→ EXCERPTED DATA:
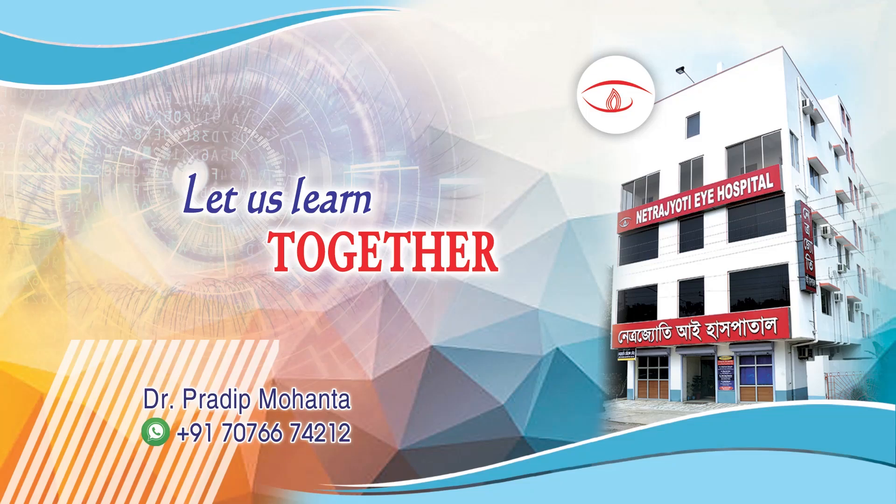Dear colleagues, in this video we will try to understand a new indication of B-Octa.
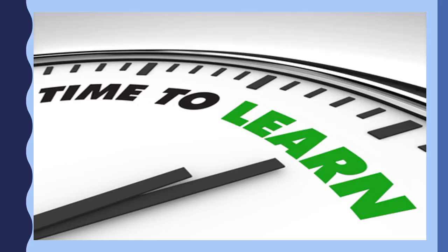The hour goes first. The hour is in front of the colon. The minutes go last. The minutes are behind the colon.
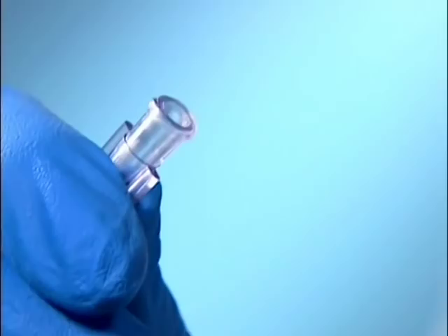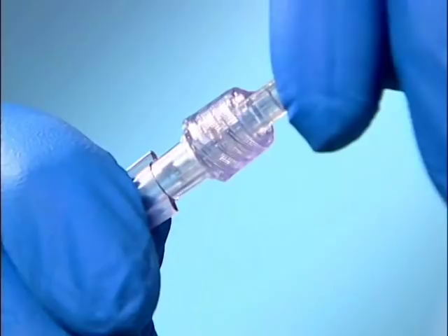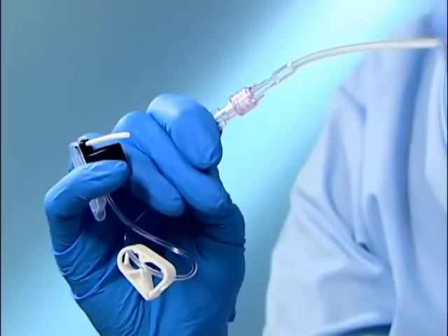Let me demonstrate for you. Prepare the site for placement of the Huber Pro. Remove the cap from the female lure lock adapter and attach the Huber Pro Set to the desired fluid source. Prime the set and expel the air.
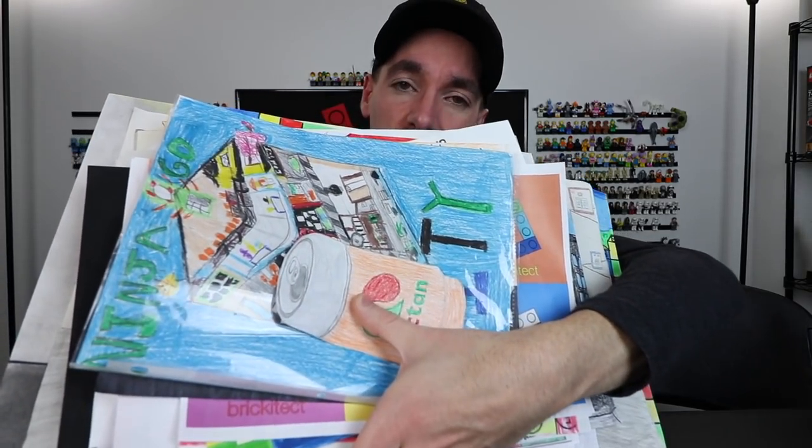Welcome back. My name is Greg and Brickatech is the channel where I share my Lego collecting journey every day. Although today we're becoming art collectors. Here in this pile are all the submissions for the 15K contest, which me and Mrs. Brickatech, after three weeks of going to the post office and bringing all these things home, finally cracked into them.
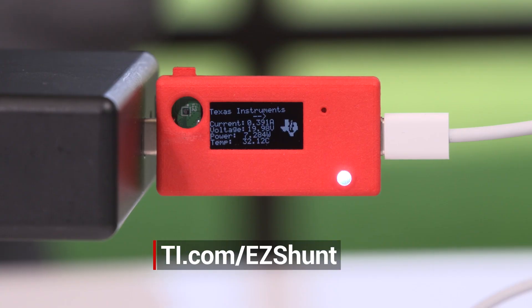The use of TI's easy shunt technology will bring simplicity and high accuracy to your systems. Future devices in the easy shunt family will provide analog options and higher voltage capabilities. Go to ti.com/easyshunt to learn more. Thank you.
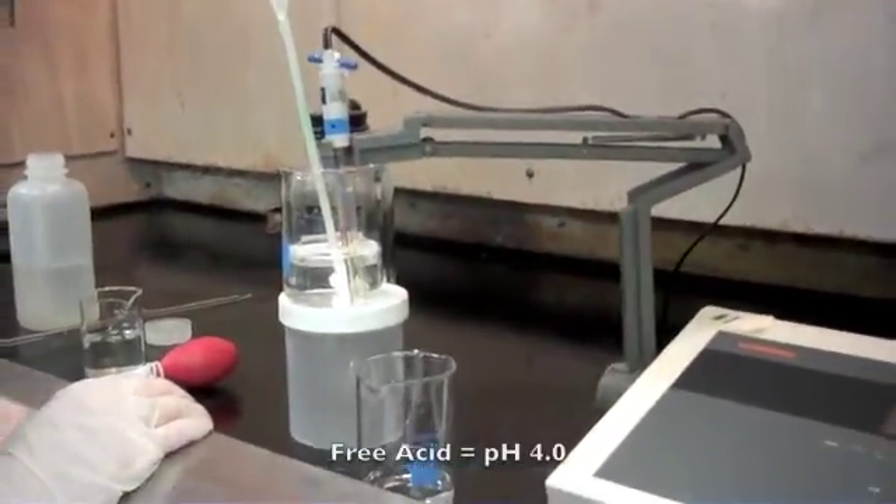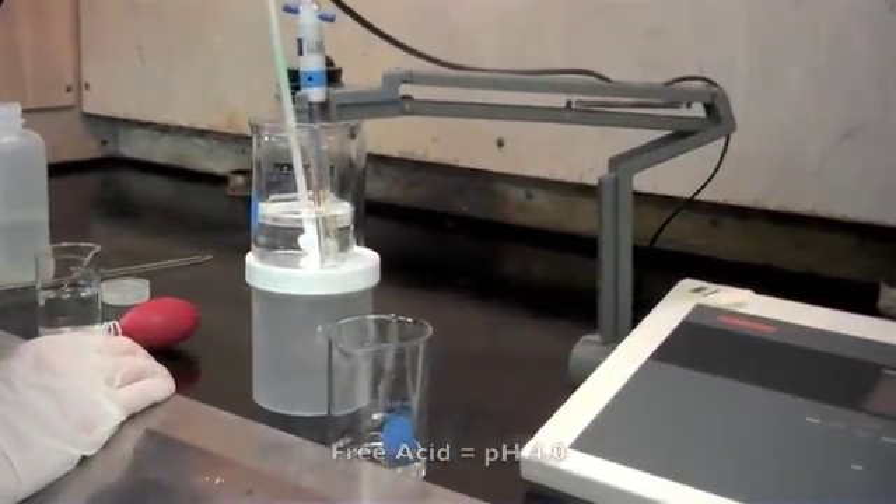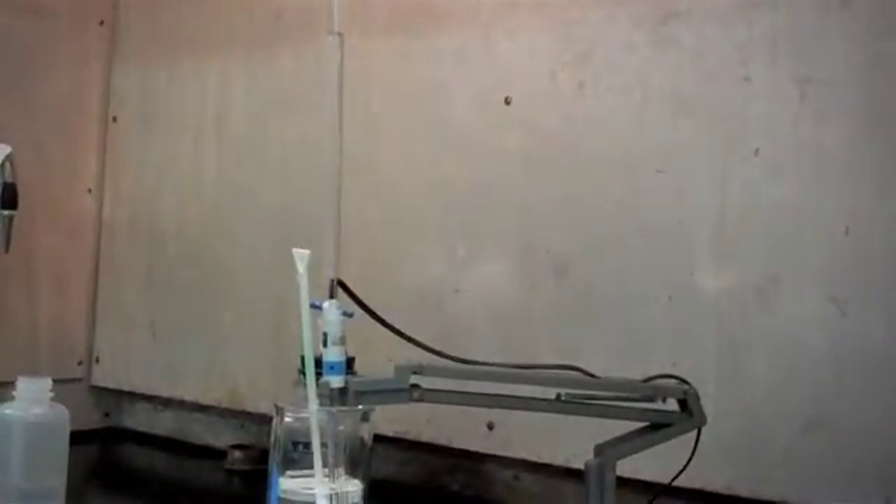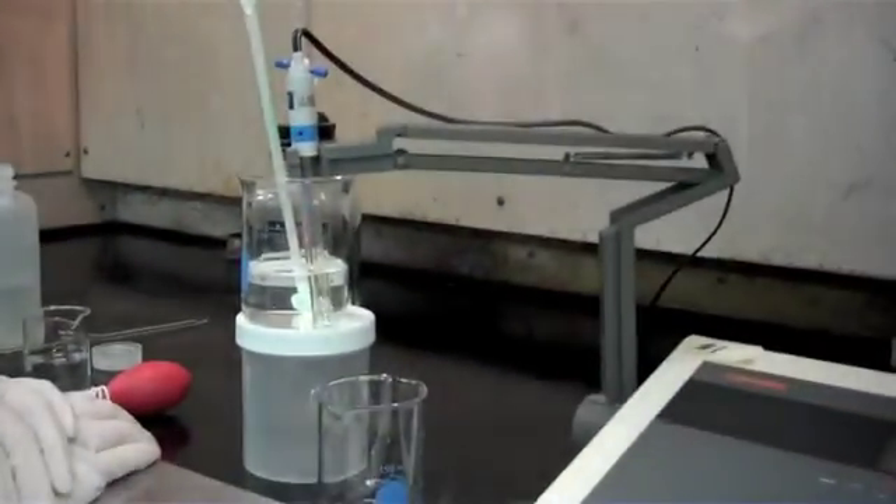And there you have it. At this point we have our free acid at pH 4.0, and we're going to take a reading from our burette, which is 2.5. So our free acid for this sample is 2.5.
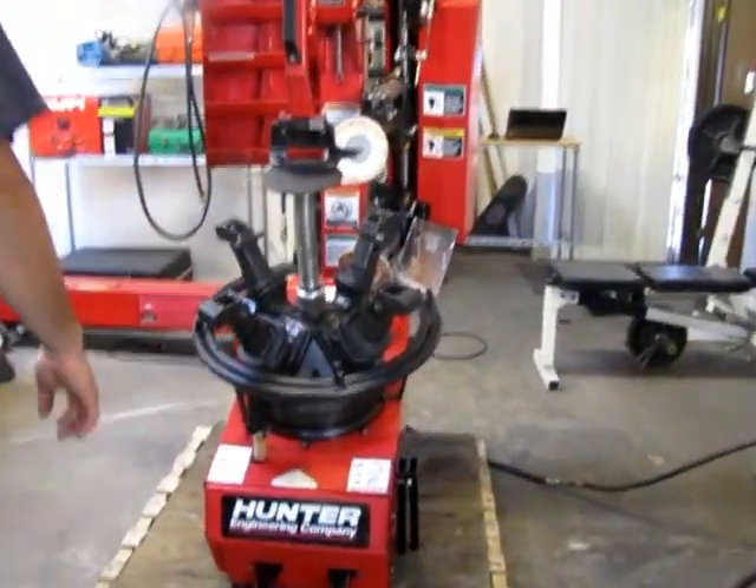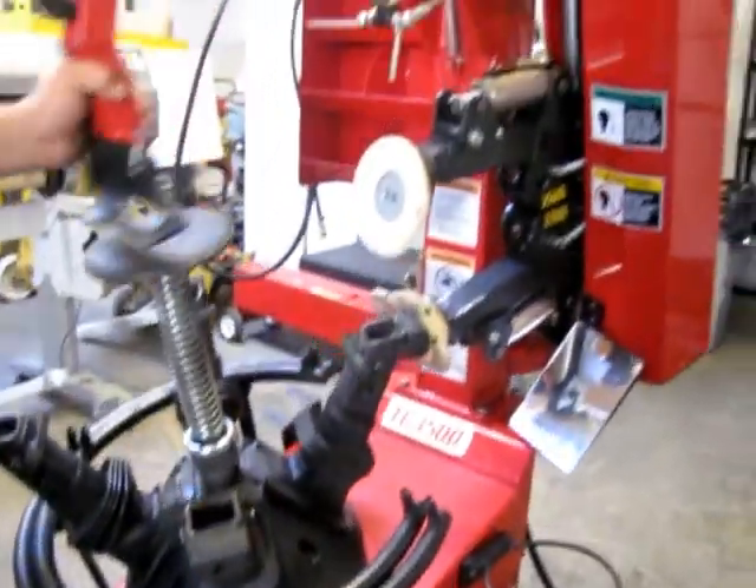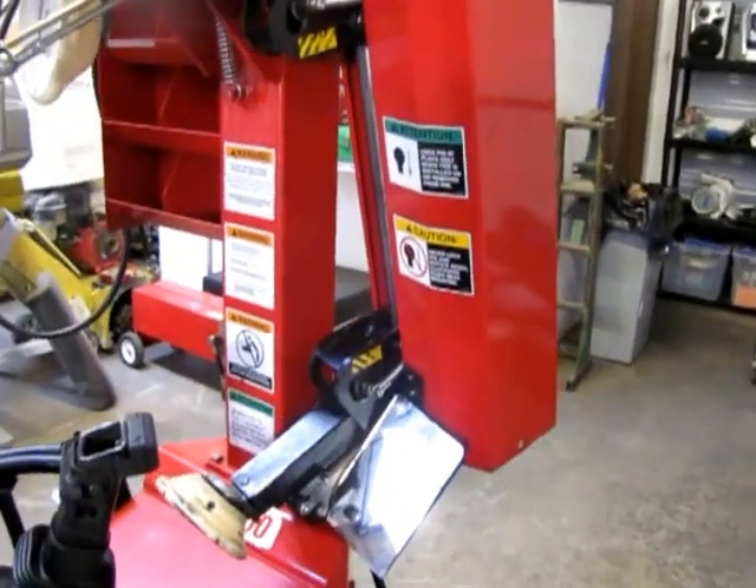Here we have a Hunter TC 3500 tire machine. We've got it hooked up to air so you can see that it does operate. You've got your D-folders right here. You can see that it's spread out.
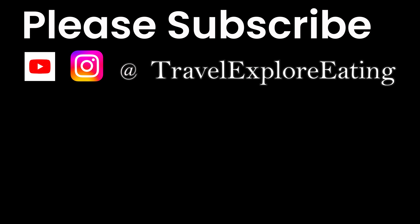Thank you for watching my video. Please subscribe, follow and like at Travel, Explore, Eating. Hope to see you again next time. Thank you.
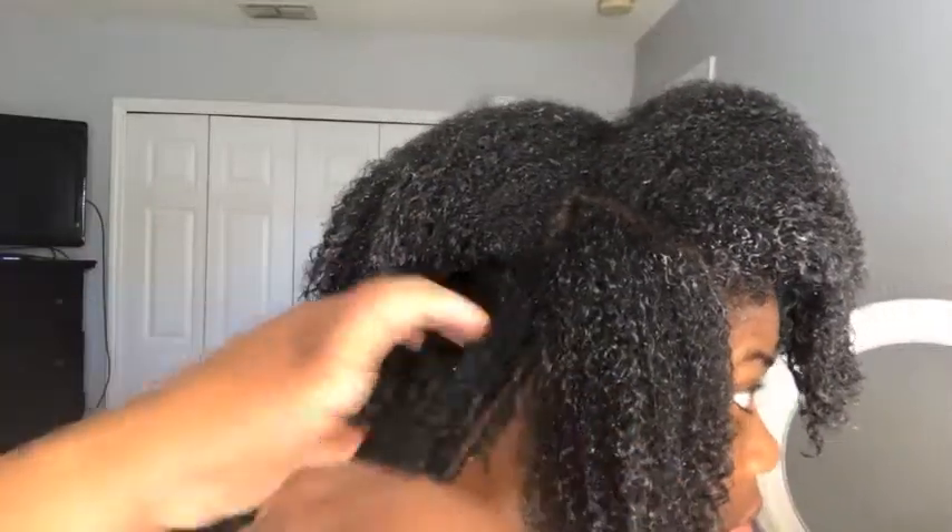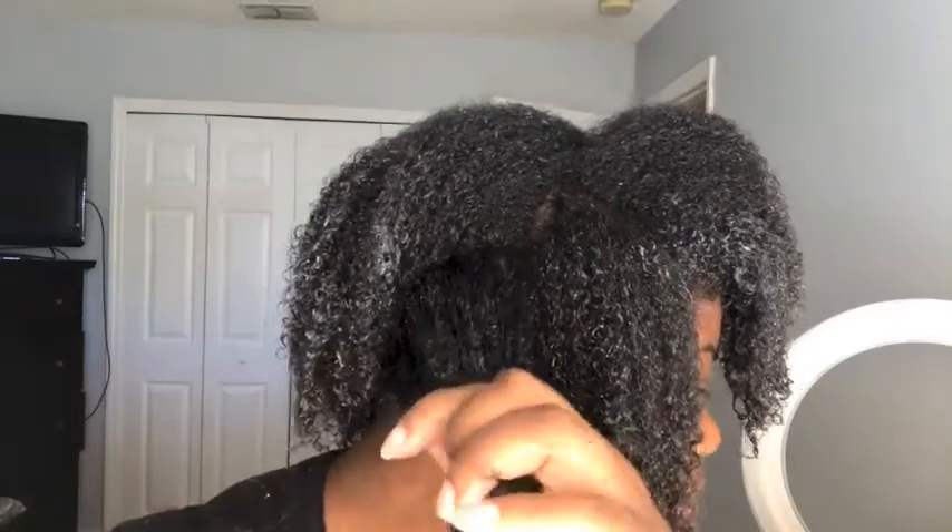Here I'm just taking my wide tooth comb and starting from the ends of my hair, working my way up to the root, making sure that my hair is fully detangled.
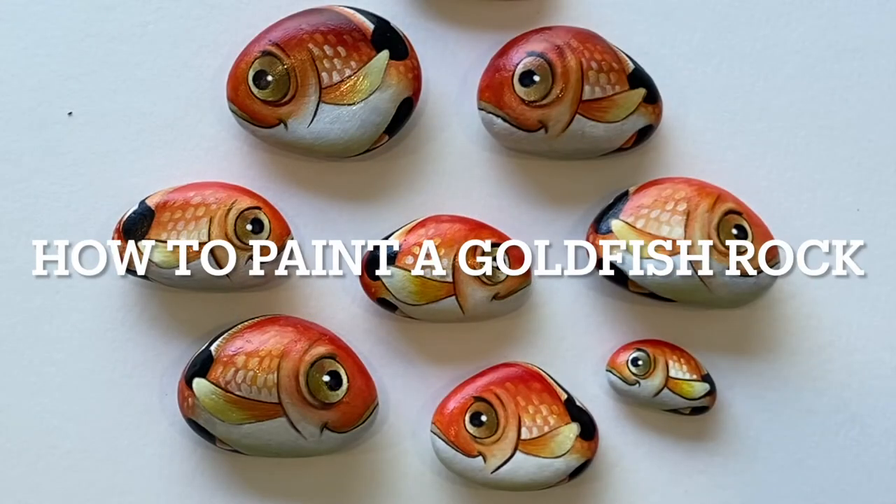Welcome to Art Lessons with Wendy. Today we're gonna learn how to paint the goldfish rock.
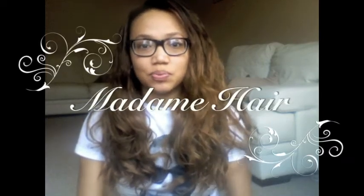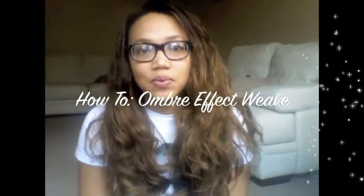Hi, this is a new video to show my new hairstyle, which you can see is different from the pink one I used to rock for the summer. It's an ombre effect, and I just got the weave put in yesterday.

→ GOAL OF THE EXERCISE: Pictures do not belong in your copy; restate word for word the lines from the one containing "Here we have" through the last line of the records above.

→ EXPECTED OUTPUT:
Here we have a Hunter TC 3500 tire machine. We've got it hooked up to air so you can see that it does operate. You've got your D-folders right here. You can see that it's spread out.
Thank you for watching my video. Please subscribe, follow and like at Travel, Explore, Eating. Hope to see you again next time. Thank you.
Here I'm just taking my wide tooth comb and starting from the ends of my hair, working my way up to the root, making sure that my hair is fully detangled.
Welcome to Art Lessons with Wendy. Today we're gonna learn how to paint the goldfish rock.
Hi, this is a new video to show my new hairstyle, which you can see is different from the pink one I used to rock for the summer. It's an ombre effect, and I just got the weave put in yesterday.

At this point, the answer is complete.